El ombligo del mundo andino

El ombligo del mundo andino

Son casi nueve mil kilómetros cuadrados y no más de 30 islas que descansan en pleno altiplano boliviano. Dueño de innumerables leyendas, ellas hablan sobre ciudades enteras con suficiente oro y de plata que duermen bajo el agua y de sirenas de canto dulce y mortal. Lo cierto es que hoy, sobre la costa del segundo espejo más grande del continente, es posible hallar una mezcla de pasado, presente y futuro que nos terminará conectando con la raíz viva de nuestra historia americana.




Miran hacia el poniente, durante una apacible puesta de sol en febrero de algún año próximo a nosotros. Mascan coca, charlan poco y comparten el silencio, mientras el Titicaca, el lago sagrado, las envuelve con un aura especial.


No muy lejos de este instante rescatado en la foto que acompaña el artículo, una turista vive también un mágico momento a orillas del gran espejo: pedalea desde las playas del pueblo costero de Copacabana hasta el fin de la bahía en una bicicleta alquilada, la deja tirada sobre las piedras, se quita la ropa y se tira de cabeza – sin pensarlo demasiado - en las heladas aguas del Titicaca. Al salir, el viento frío y la temperatura del agua, se funden para dar un extraño calor, mientras sentada mira hacia la superficie del lago que parece fundirse en un mismo espacio con la bóveda celeste y piensa que la imagen se asemeja a una especie de gran vientre materno.


Estamos a más de 3800 metros de altura sobre el nivel del mar, en pleno altiplano boliviano, muy cerca del límite con el Perú y muy próximos también de la Isla del Titicaca o Isla del Sol, el mítico macizo de roca que no sólo dio origen a la dinastía de los Incas, sino que sirvió de refugio al Sol y a la Luna cuando en los oscuros tiempos de Chamacpacha, las tinieblas tomaron forma de diluvio y amenazaron con ahogar a los dos astros mitológicos.

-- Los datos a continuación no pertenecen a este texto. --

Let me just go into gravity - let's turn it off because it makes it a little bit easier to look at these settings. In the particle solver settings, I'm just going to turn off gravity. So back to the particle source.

Esas aguas azul turquesa, que ofrecen colores más intensos durante los meses invernales, fue el sitio de dónde emergió Viracocha, “Espuma del Lago”, “El que no tiene principio ni fin”, en síntesis, el gran dios acuático que nació bendecido por las frías aguas del “Puma de Piedra”.
Según los Incas, Viracocha vivía en el paraíso y desde allí sostenía al mundo, delegando a dioses menores funciones del universo y la humanidad. Era el gran "donante del arte", el creador del cielo, la tierra y las gentes que sobre ella habitaban. Para ello, había esculpido gigantescas figuras de piedra a las que posteriormente dio vida.

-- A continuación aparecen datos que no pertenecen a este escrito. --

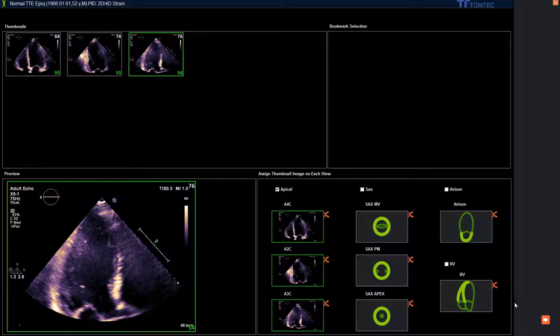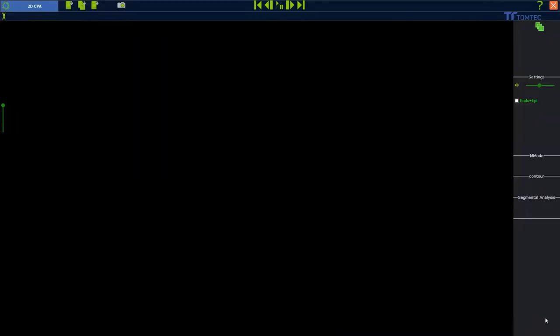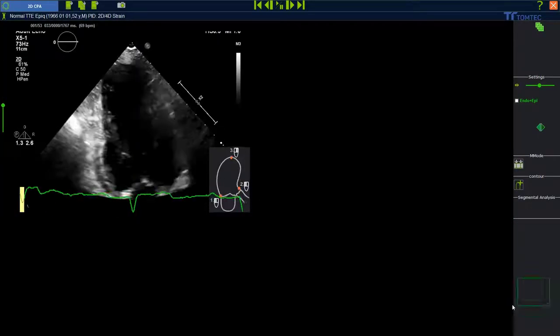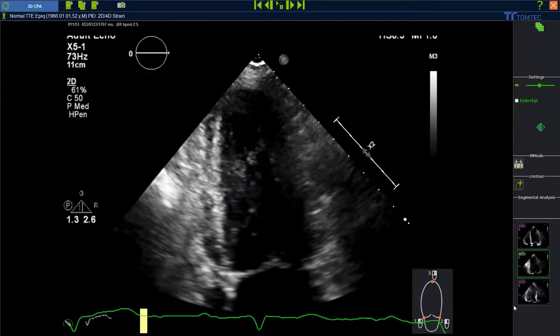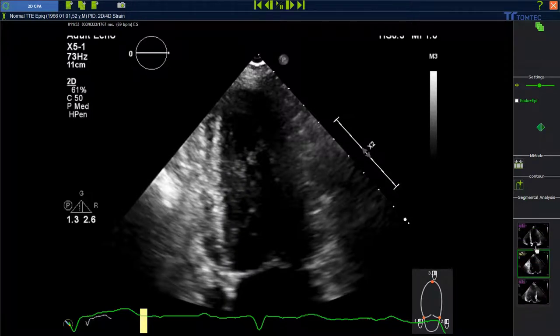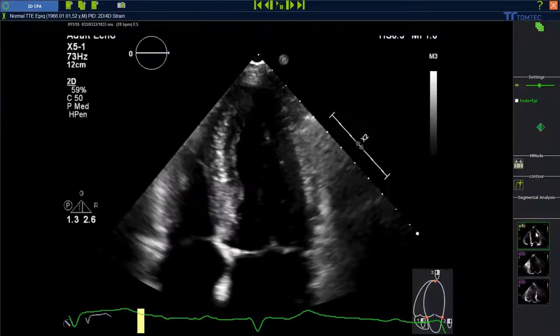To start the analysis, click on the arrow. You can see all three planes on the right. Starting now with the 4 chamber view — you can also use the other planes.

Con el tiempo los gigantes se rebelaron, negándose a trabajar. Entonces Viracocha los destruyó, a unos petrificándolos de nuevo, a otros ahogándolos en un horroroso diluvio. Sin embargo, salvó a dos de ellos y con su ayuda creó una nueva raza. Como el mundo estaba aun a oscuras y esto era malo, volvió al lago Titicaca y de allí saco al Sol y a la Luna. Por eso desde aquel momento, el mundo tiene luz durante el día gracias al Sol y durante algunas noches gracias a la Luna.


La leyenda va aún más lejos: Viracocha un buen día ordenó al Sol que enviara a sus hijos no sólo para que iluminaran a los ciegos el camino, sino para unir a la gente dispersa en la inmensidad de las mesetas de altura y fundar así un imperio. Los hijos del sol llegaron entonces a orillas del Titicaca. Eran Manco Cápac y Mama Ocllo, que permanecieron un tiempo en el extremo norte del mítico peñasco. Traían un bastón y una orden: en el lugar donde lo hundieran al primer golpe, fundarían el nuevo reino.


Desde el trono actuarían como su padre, que da la luz, la claridad y el calor, derrama la lluvia y el rocío, empuja las cosechas, multiplica las manadas y no deja pasar día sin visitar al mundo. Emprendieron entonces un largo viaje. “Por todas partes intentaron clavar el bastón de oro. La tierra los rebotaba y ellos seguían buscando. Escalaron cumbres y atravesaron correntadas y mesetas”, relata Eduardo Galeano en sus “Memorias del Fuego”.


“Todo lo que sus pies tocaban, se iba transformando: hacían fecundas las tierras áridas, secaban los pantanos y devolvían a los ríos sus cauces. Al alba, escoltaban las ocas, y los cóndores al atardecer. Por fin, junto al monte Wanakauri, los hijos del sol hundieron el bastón. Cuando la tierra lo tragó, un arco iris se alzó en el cielo”. Después convocaron a la gente de las mesetas de la puna. Ellos no lo sabían, pero siguieron a los hijos del sol a la todavía no nacida ciudad de Cuzco.